▶ _Assignment_
Nothing is needed except the lines below that run from the one with "Asian Female Engineer" through the one with "May include: A", repeated exactly.
------ Records for the task
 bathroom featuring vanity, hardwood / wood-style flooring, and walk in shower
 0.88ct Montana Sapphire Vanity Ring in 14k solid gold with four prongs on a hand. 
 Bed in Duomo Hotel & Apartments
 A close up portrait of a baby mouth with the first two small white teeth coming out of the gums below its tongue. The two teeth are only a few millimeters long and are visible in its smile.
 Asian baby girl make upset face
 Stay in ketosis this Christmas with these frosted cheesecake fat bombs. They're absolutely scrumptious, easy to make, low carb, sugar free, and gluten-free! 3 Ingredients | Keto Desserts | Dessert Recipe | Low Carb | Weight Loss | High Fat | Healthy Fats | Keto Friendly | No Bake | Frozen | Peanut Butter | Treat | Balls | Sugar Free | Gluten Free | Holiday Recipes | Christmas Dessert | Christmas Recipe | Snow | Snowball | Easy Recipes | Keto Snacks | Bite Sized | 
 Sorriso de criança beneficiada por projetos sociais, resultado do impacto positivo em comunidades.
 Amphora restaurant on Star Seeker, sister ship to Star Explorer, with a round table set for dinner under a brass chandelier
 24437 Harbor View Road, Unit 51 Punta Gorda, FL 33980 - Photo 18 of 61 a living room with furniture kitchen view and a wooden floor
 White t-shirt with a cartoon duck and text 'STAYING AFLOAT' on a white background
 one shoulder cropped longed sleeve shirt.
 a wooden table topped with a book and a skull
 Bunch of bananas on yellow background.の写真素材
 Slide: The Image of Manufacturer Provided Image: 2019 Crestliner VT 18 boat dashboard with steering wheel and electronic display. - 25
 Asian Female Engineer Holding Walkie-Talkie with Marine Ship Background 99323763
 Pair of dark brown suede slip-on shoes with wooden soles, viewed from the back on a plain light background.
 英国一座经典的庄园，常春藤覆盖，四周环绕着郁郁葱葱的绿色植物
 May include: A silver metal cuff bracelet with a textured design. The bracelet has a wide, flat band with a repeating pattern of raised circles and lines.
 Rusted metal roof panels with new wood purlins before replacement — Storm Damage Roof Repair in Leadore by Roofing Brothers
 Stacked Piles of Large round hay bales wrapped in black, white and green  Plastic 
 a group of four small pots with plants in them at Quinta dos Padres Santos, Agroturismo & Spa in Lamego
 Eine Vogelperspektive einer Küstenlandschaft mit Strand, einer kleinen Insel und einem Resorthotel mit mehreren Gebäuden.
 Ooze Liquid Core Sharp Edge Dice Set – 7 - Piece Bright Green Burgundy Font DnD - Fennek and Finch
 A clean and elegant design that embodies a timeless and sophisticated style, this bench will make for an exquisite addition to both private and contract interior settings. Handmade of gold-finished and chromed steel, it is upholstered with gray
------------
▶ _Written response_
 Asian Female Engineer Holding Walkie-Talkie with Marine Ship Background 99323763
 Pair of dark brown suede slip-on shoes with wooden soles, viewed from the back on a plain light background.
 英国一座经典的庄园，常春藤覆盖，四周环绕着郁郁葱葱的绿色植物
 May include: A silver metal cuff bracelet with a textured design. The bracelet has a wide, flat band with a repeating pattern of raised circles and lines.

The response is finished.